TASK INSTRUCTIONS =
With the line that contains "Glass enclosed tiled" as the final line, return every line from the start of the data below exactly.

◇ ◇ ◇

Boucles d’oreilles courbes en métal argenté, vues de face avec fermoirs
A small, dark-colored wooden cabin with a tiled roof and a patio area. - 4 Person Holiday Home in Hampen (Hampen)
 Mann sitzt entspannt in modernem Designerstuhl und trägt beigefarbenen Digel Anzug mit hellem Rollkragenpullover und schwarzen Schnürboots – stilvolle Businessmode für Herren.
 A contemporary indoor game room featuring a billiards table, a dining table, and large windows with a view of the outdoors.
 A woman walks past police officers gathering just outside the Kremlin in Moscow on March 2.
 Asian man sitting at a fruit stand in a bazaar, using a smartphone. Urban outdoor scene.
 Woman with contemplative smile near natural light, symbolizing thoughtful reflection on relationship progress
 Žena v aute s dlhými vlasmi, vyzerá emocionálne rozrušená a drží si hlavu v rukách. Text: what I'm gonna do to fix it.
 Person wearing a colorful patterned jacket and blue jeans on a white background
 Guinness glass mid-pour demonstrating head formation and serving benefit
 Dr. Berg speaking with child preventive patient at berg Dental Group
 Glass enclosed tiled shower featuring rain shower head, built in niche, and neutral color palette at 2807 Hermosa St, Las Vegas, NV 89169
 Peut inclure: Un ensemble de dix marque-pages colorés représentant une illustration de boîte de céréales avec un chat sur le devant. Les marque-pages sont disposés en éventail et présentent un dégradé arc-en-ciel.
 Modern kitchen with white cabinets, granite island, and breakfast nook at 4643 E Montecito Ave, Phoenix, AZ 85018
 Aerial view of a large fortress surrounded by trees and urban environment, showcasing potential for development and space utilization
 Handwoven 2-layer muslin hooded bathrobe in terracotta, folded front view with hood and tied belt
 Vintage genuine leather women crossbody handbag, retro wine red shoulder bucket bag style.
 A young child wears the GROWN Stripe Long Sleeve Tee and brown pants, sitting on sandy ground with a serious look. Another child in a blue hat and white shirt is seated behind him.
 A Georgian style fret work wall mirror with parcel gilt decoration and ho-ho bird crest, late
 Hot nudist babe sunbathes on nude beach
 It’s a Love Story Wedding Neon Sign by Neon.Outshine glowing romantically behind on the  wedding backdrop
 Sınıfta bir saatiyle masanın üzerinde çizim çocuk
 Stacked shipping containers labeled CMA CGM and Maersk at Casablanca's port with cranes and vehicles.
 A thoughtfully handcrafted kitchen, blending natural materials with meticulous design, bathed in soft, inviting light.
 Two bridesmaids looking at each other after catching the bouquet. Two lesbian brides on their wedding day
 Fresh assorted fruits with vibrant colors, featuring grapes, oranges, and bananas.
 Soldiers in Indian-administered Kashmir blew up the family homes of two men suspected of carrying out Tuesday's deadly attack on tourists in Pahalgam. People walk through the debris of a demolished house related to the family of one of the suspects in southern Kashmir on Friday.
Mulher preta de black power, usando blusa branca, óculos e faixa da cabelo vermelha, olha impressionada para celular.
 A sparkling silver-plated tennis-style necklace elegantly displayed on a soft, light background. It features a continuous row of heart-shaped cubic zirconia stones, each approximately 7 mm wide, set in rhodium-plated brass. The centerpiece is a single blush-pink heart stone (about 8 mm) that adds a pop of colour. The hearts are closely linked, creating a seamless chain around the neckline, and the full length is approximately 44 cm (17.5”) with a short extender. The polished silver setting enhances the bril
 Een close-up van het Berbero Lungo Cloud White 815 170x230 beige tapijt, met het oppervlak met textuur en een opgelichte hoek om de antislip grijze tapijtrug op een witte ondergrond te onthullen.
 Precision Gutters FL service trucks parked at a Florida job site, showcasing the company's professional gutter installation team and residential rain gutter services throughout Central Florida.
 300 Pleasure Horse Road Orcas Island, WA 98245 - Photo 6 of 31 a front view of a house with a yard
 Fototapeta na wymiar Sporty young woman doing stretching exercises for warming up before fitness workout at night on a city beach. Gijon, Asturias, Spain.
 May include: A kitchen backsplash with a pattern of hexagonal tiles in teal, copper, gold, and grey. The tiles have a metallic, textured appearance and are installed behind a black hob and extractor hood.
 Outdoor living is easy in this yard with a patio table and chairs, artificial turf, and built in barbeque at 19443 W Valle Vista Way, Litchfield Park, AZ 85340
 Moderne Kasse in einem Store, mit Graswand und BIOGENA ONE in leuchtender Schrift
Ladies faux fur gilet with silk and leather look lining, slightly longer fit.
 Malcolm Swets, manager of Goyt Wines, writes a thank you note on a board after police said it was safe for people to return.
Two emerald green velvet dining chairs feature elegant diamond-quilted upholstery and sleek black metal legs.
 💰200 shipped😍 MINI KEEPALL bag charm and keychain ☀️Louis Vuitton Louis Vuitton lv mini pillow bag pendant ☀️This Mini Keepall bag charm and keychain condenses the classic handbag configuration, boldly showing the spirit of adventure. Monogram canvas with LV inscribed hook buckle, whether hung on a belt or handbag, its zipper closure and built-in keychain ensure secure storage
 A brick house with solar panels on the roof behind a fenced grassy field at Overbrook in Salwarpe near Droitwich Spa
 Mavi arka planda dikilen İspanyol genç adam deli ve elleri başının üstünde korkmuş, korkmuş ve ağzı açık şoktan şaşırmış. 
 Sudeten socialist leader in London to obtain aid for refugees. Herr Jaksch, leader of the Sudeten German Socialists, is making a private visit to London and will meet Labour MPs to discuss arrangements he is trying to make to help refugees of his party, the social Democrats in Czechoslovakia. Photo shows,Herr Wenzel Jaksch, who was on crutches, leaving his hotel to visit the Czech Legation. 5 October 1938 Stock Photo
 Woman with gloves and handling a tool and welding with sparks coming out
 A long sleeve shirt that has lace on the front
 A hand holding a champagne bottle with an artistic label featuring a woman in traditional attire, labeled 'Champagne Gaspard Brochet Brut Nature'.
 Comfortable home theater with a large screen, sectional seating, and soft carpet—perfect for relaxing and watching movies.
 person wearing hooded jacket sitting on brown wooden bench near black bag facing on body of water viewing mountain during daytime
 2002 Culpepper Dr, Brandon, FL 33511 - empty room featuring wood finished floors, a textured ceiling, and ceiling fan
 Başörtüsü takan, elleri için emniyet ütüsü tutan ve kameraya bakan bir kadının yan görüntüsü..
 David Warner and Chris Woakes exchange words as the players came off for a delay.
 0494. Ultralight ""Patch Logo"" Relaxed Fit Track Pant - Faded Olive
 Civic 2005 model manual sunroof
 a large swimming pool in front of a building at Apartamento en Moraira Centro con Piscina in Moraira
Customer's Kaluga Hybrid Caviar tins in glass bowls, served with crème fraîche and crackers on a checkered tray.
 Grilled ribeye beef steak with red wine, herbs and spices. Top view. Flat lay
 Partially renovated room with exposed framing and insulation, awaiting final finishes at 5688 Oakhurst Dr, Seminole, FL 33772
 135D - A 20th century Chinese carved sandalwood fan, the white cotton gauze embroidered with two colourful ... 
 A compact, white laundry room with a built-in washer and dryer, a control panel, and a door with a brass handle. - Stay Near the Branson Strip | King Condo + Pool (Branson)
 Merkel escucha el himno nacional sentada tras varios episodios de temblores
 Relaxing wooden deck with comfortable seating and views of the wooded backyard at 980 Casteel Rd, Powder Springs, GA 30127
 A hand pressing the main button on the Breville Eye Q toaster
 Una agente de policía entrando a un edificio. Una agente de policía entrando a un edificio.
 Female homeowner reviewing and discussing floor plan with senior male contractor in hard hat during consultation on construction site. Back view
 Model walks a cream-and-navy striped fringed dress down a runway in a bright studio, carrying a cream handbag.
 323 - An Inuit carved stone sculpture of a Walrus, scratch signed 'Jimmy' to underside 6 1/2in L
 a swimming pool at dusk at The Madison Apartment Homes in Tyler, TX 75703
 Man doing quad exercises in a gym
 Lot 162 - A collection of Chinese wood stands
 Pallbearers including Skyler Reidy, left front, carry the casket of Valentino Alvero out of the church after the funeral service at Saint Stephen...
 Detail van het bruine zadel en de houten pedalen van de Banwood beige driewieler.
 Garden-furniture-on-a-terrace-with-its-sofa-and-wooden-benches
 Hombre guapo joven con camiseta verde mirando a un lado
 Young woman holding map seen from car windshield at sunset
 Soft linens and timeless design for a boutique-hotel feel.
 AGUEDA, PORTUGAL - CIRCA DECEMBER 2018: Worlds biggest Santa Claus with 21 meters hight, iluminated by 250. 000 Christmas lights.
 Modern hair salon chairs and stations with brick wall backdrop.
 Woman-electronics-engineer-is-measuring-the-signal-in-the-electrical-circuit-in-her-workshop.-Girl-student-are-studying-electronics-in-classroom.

◇ ◇ ◇

TASK ANSWER =
Boucles d’oreilles courbes en métal argenté, vues de face avec fermoirs
A small, dark-colored wooden cabin with a tiled roof and a patio area. - 4 Person Holiday Home in Hampen (Hampen)
 Mann sitzt entspannt in modernem Designerstuhl und trägt beigefarbenen Digel Anzug mit hellem Rollkragenpullover und schwarzen Schnürboots – stilvolle Businessmode für Herren.
 A contemporary indoor game room featuring a billiards table, a dining table, and large windows with a view of the outdoors.
 A woman walks past police officers gathering just outside the Kremlin in Moscow on March 2.
 Asian man sitting at a fruit stand in a bazaar, using a smartphone. Urban outdoor scene.
 Woman with contemplative smile near natural light, symbolizing thoughtful reflection on relationship progress
 Žena v aute s dlhými vlasmi, vyzerá emocionálne rozrušená a drží si hlavu v rukách. Text: what I'm gonna do to fix it.
 Person wearing a colorful patterned jacket and blue jeans on a white background
 Guinness glass mid-pour demonstrating head formation and serving benefit
 Dr. Berg speaking with child preventive patient at berg Dental Group
 Glass enclosed tiled shower featuring rain shower head, built in niche, and neutral color palette at 2807 Hermosa St, Las Vegas, NV 89169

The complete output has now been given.